## Exercise objective
What is wanted is every line below from the one with "Суппорт тормозной Volvo XC60" up to and including the one with "Used 2022 Jeep", retyped exactly, pictures excluded, nothing else.

## The records
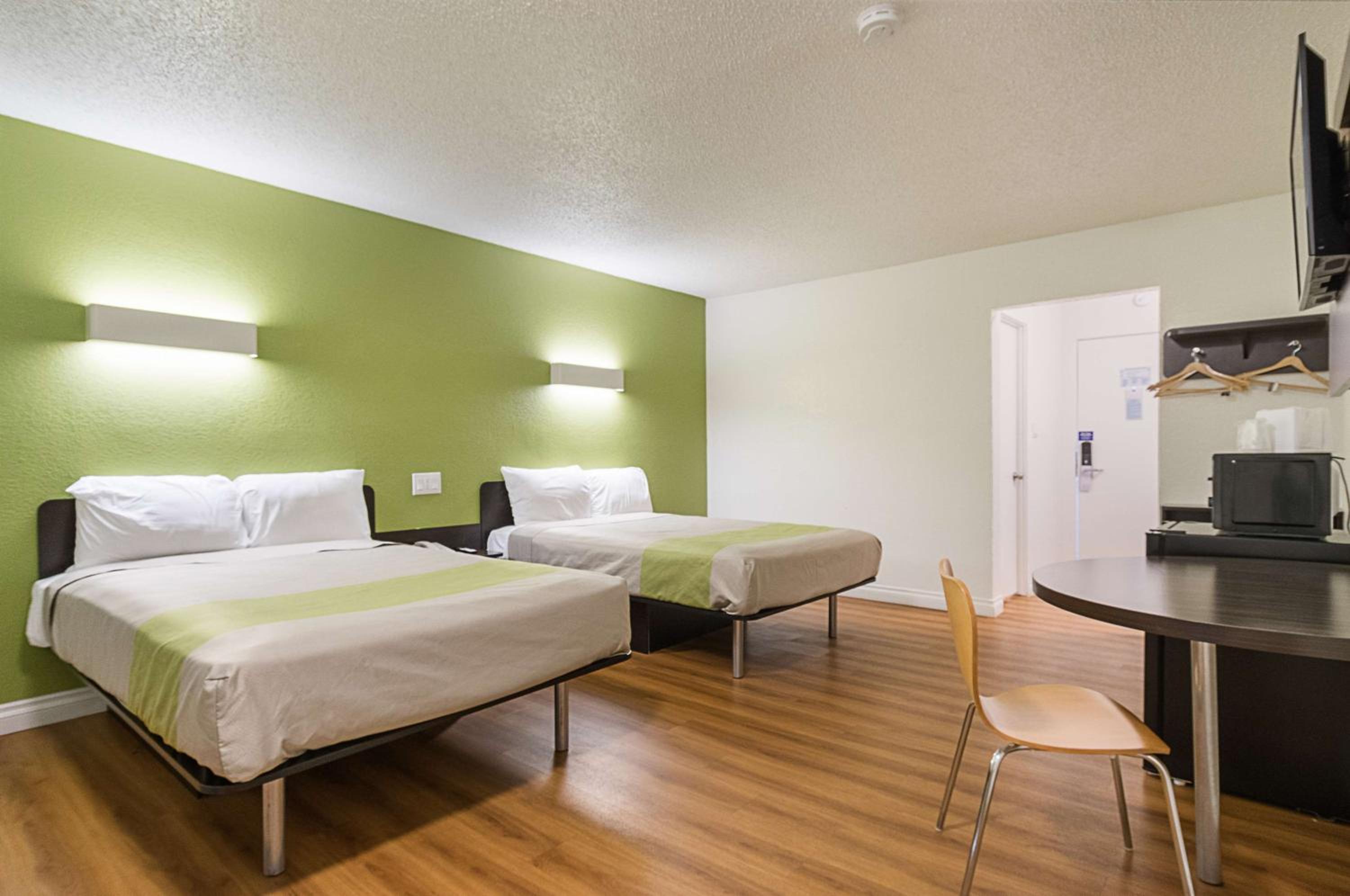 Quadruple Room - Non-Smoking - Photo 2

==

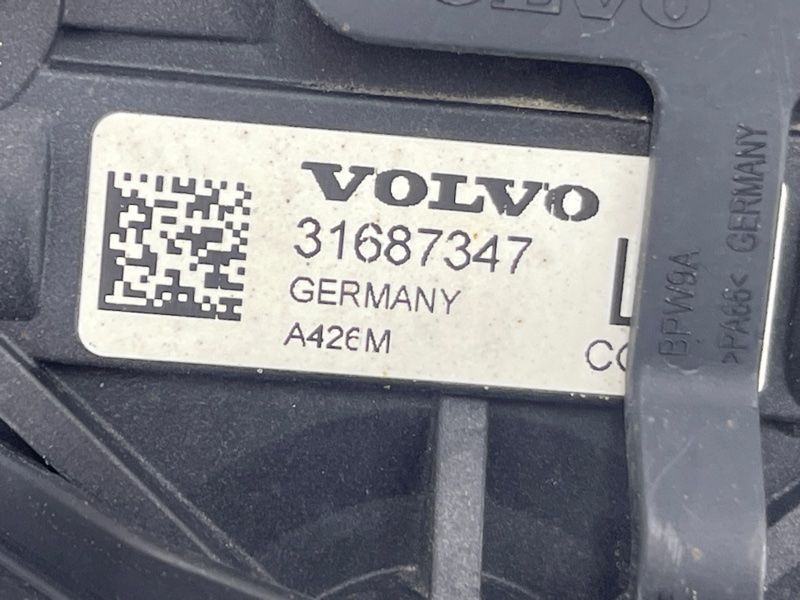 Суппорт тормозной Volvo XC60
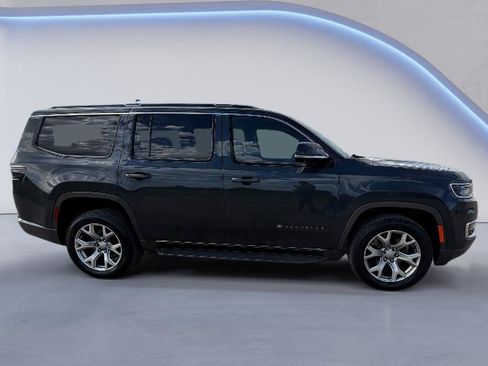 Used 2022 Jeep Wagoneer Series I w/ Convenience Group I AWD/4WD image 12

## Problem solution
 Суппорт тормозной Volvo XC60
 Used 2022 Jeep Wagoneer Series I w/ Convenience Group I AWD/4WD image 12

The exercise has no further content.